3. To create a SageMaker execution role:
   ```

   make create-sagemaker-execution-role

   ```

4. To deploy the inference endpoint:
   ```

   make deploy-inference-endpoint

   ```

5. To delete the inference endpoint:
   ```

   make delete-inference-endpoint ENDPOINT_NAME=<your-endpoint-name>

   ```
   Note: You must provide the ENDPOINT_NAME parameter when deleting an endpoint.



### Poetry Integration



This Makefile uses Poetry to manage Python dependencies and run scripts. Ensure you have Poetry installed and have run `poetry install` to set up your project environment.



### Note



- Ensure you have Python and Poetry installed on your system.

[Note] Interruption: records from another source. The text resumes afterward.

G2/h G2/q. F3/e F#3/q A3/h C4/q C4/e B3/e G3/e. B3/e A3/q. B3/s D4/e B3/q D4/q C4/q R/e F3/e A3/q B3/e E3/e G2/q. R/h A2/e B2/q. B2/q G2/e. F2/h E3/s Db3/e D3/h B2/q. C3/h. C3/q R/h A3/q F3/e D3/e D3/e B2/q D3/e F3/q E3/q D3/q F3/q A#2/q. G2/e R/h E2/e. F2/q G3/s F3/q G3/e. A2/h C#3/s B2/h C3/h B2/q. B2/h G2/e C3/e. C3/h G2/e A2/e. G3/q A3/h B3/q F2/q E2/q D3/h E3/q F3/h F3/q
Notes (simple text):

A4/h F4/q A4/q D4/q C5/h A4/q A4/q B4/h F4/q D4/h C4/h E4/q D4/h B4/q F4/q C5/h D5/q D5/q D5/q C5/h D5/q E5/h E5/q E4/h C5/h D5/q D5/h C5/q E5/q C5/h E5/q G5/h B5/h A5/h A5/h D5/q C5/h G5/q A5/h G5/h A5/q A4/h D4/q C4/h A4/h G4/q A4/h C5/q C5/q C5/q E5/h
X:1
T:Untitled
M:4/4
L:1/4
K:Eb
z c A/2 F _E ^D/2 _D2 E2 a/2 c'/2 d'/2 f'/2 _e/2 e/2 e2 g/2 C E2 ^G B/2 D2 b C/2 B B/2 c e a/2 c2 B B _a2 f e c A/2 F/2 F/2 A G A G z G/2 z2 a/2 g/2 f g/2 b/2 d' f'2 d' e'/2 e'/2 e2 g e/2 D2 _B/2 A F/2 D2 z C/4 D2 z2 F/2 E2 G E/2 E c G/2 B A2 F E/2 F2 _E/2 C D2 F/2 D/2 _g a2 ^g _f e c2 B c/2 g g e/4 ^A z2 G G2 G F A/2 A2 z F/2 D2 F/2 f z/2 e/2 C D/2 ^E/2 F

- The Makefile uses Poetry to run Python scripts, ensuring all dependencies are correctly managed.

- Make sure you have properly configured the AWS CLI and have the necessary permissions to perform these operations.

- When deleting an endpoint, you must provide the endpoint name as an environment variable.



By using this Makefile, you can easily manage the entire lifecycle of your SageMaker project, from setting up roles to deploying and managing your inference endpoints.



## Note

Ensure you have the necessary permissions in your AWS account to create IAM users and roles, deploy SageMaker endpoints, and perform inference before running these scripts.